[Web page caption snippets]
Start of Block

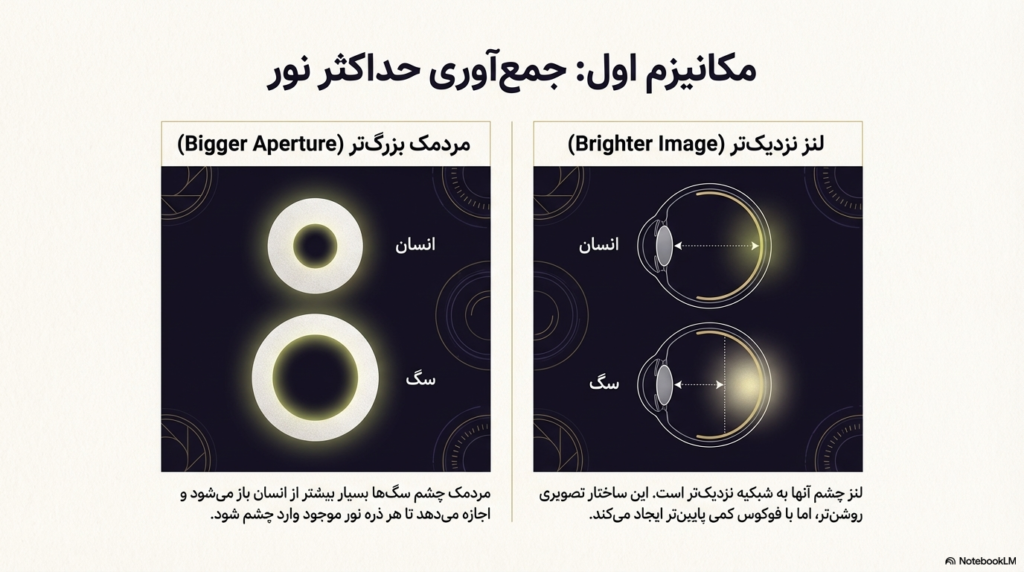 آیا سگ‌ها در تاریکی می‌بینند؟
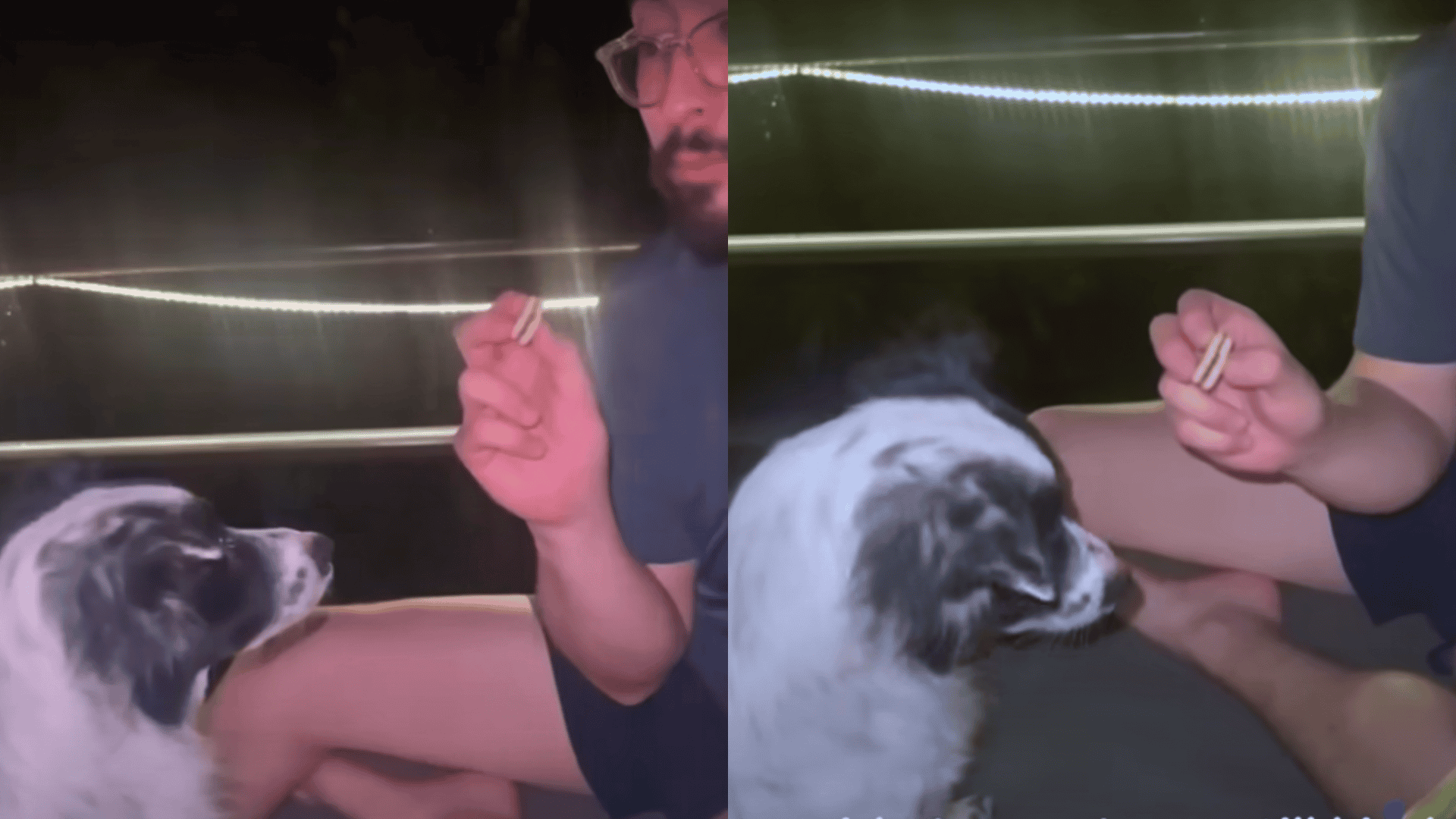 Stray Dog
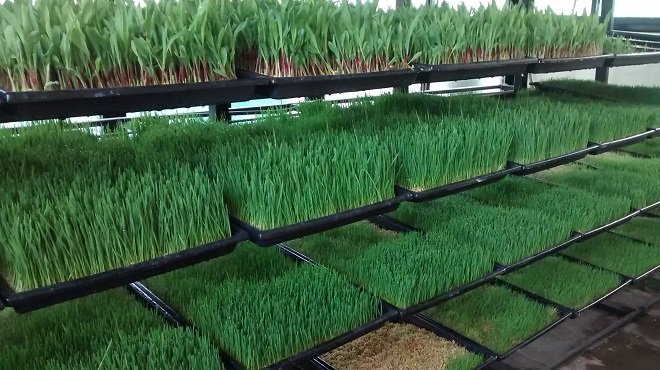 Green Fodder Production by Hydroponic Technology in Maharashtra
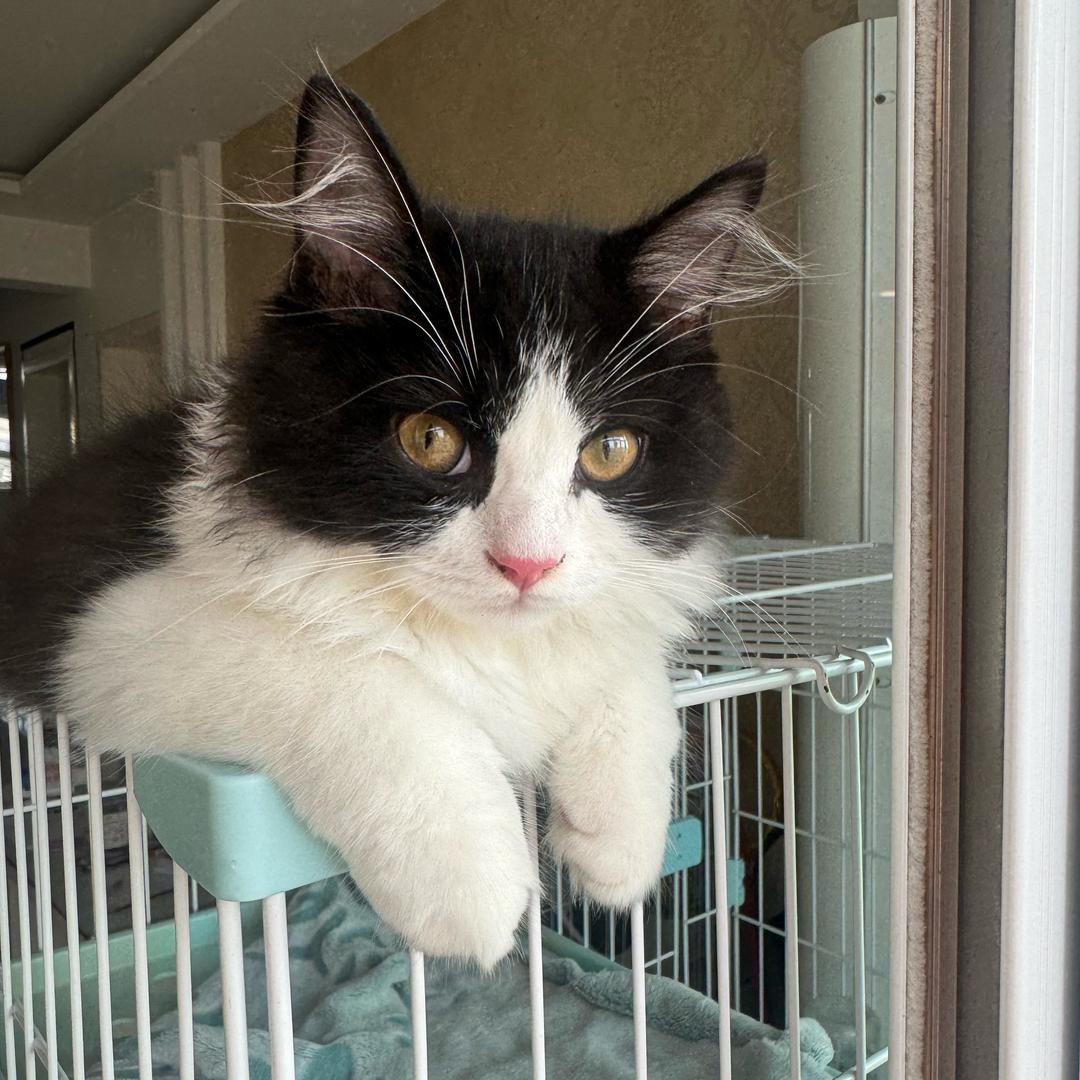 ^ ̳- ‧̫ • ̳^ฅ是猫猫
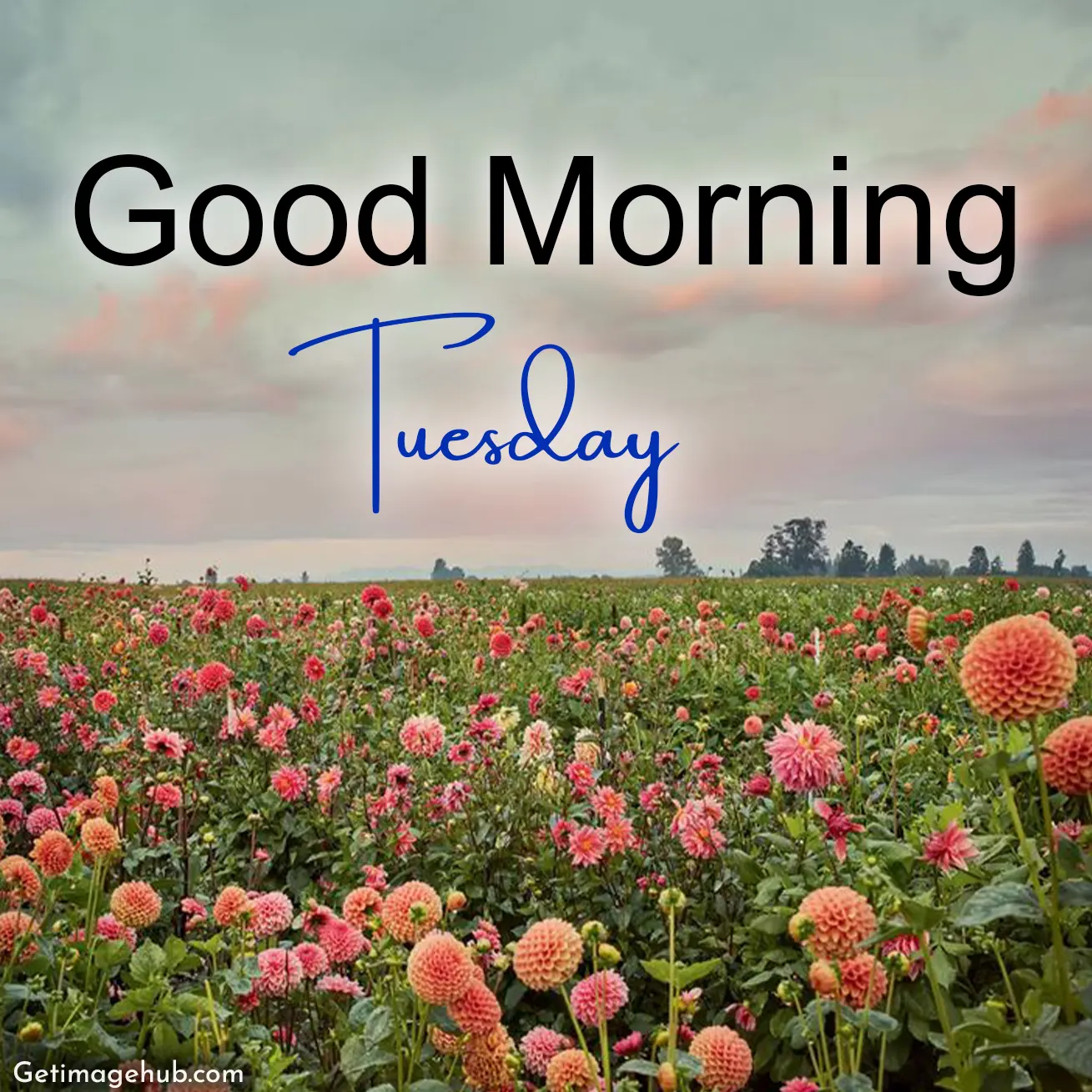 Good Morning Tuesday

End of Block

* [Exercise objective]: Pictures stay out. Copy exactly, and only, the lines from the one containing "Green Fodder Production" through the end of the data.

* [Task solution]:
 Green Fodder Production by Hydroponic Technology in Maharashtra
 ^ ̳- ‧̫ • ̳^ฅ是猫猫
 Good Morning Tuesday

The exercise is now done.